Brief descriptive captions
────────────────
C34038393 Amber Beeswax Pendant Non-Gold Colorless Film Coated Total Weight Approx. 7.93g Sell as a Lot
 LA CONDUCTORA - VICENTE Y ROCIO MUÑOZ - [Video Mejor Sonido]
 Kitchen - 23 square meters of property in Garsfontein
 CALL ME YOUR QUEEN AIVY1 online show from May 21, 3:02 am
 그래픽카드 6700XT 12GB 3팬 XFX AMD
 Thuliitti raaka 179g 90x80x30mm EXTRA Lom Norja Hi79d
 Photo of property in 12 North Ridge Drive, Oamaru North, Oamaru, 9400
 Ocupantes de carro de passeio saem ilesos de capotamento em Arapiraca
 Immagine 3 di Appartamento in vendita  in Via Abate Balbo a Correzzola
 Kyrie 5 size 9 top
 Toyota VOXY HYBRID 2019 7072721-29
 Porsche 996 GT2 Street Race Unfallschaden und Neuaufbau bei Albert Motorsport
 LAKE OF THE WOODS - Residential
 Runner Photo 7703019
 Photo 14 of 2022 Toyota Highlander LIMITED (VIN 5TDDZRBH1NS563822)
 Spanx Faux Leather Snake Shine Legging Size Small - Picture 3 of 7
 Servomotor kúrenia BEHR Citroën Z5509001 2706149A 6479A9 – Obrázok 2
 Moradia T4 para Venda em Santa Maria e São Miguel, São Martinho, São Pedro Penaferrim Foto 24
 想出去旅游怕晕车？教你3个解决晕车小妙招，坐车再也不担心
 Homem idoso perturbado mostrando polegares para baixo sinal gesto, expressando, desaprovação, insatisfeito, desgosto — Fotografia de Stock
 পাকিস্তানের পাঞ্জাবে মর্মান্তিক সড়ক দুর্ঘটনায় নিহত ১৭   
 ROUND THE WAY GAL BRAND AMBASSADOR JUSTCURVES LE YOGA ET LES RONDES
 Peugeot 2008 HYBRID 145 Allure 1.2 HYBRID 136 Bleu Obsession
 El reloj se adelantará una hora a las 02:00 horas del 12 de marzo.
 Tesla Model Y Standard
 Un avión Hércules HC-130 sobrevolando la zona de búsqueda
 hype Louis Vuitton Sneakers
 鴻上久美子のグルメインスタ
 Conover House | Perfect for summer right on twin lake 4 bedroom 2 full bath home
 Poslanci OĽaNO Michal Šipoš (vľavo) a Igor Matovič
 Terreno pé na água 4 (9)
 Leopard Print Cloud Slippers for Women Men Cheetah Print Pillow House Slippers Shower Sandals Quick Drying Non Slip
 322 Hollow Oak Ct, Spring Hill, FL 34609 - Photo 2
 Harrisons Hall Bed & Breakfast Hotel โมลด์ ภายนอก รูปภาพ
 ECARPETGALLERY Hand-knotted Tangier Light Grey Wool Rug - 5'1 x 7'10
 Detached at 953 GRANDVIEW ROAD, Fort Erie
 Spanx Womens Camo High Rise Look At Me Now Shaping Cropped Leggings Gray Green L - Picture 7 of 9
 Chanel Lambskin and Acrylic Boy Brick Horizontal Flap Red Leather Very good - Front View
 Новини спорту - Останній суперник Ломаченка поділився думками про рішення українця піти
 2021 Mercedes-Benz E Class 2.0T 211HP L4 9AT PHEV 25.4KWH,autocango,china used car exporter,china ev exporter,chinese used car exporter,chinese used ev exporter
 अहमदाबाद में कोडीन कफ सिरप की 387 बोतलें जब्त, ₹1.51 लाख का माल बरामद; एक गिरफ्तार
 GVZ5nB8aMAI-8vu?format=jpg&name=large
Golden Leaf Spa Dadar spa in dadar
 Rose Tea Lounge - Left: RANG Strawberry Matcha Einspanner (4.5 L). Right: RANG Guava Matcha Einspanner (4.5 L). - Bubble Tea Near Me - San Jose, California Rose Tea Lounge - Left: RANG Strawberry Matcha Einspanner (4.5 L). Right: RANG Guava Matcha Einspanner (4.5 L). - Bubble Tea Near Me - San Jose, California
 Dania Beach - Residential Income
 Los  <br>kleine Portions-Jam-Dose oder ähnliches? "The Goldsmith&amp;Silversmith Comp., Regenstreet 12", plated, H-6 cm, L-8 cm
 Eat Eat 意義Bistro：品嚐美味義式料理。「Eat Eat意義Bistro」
────────────────
The task
Would you retype exactly the lines above, from the line with "अहमदाबाद में कोडीन" to the line with "Golden Leaf Spa Dadar spa in dadar", with both end lines kept and nothing more?

Solution to the problem
 अहमदाबाद में कोडीन कफ सिरप की 387 बोतलें जब्त, ₹1.51 लाख का माल बरामद; एक गिरफ्तार
 GVZ5nB8aMAI-8vu?format=jpg&name=large
Golden Leaf Spa Dadar spa in dadar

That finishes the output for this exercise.